Re: [DISCUSS] NFS cache storage issue on object_store

Posted by John Burwell <jb...@basho.com>.
Edison,

You have provided some great information below which helps greatly to understand the role of the "NFS cache" mechanism.  To summarize, this mechanism is only currently required for Xen snapshot operations driven by Xen's coalescing operations.  Is my understanding correct?  Just out of curiosity, is their a Xen expert on the list who can provide a high-level description of the coalescing operation -- in particular, the way it interacts with storage?  I have Googled a bit, and found very little information about it.  Has the object_store branch been tested with VMWare and KVM?  If so, what operations on these hypervisors have been tested?

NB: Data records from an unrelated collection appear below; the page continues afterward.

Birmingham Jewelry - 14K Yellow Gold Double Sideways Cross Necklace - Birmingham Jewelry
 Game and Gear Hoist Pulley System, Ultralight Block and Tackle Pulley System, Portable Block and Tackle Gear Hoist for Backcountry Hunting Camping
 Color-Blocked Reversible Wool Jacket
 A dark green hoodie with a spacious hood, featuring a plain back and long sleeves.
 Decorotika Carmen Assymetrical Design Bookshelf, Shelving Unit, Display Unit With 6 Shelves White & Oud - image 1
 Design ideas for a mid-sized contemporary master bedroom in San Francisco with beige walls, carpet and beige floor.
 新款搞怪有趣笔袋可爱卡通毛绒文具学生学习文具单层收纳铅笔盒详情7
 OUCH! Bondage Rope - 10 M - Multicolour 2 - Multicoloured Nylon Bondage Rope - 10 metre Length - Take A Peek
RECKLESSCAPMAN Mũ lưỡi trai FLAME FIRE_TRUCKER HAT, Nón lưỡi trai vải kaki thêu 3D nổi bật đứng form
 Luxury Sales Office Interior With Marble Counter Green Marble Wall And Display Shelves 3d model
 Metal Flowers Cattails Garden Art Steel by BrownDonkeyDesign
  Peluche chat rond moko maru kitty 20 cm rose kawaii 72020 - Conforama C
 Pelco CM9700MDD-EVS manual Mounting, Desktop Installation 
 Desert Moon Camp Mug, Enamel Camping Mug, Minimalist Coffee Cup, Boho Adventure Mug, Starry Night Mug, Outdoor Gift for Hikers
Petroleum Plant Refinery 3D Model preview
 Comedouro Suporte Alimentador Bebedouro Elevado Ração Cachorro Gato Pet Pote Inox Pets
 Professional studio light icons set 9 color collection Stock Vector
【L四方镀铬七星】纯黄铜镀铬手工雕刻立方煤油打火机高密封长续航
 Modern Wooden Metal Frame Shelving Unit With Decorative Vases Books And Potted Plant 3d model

In reading through the description below, my operation concerns remain regarding potential race conditions and resource exhaustion.  Also, in reading through the description, I think we should find a new name for this mechanism.  As Chip has previous mentioned, a cache implies the following characteristics:

    1. Optional: Systems can operate without caches just more slowly.  However, with this mechanism, snapshots on Xen will not function.
    2. Volatility: Caches are backed by durable, non-volitale storage.  Therefore, if the cache's data is lost, it can be rebuilt from the backing store and no data will be permanently lost from the system.  However, this mechanism contains snapshots in-transit to an object store.  If the data contained in this "cache" were lost before its transfer to the object store completed, the snapshot data would be lost.

In order to set expectations with users and better frame our design conversation, I think it would be appropriate this mechanism as a staging, scratch, or temporary area.  I also recommend removing the notion of NFS its name as NFS is initial implementation of this mechanism.  In the future, I can see a desire for local filesystem, RBD, and iSCSI implementations of it.

In terms of solving the potential race conditions and resource exhaustion issues, I don't think an LRU approach will be sufficient because the least recently used resource may be still be in use by the system.  I think we should look to a reservation model with reference counting where files are deleted when once no processes are accessing them.  The following is a (handwave-handwave) overview of the process I think would meet these requirements:

	1. Request a reservation for the maximum size of the file(s) that will be processed in the staging area.
		- If the file is already in the staging area, increase its reference count
		- If the reservation can not be fulfilled, we can either drop the process in a retry queue or reject it.  
	2. Perform work and transfer file(s) to/from the object store
	3. Release the file(s) -- decrementing the reference count.  When the reference count is <= 0, delete the file(s) from the staging area

We would also likely want to consider a TTL to purge files after a configurable period of inactivity as a backstop against crashed processes failing to properly decrementing the reference count.  In this model, we will either defer or reject work if resources are not available, and we properly bound resources.  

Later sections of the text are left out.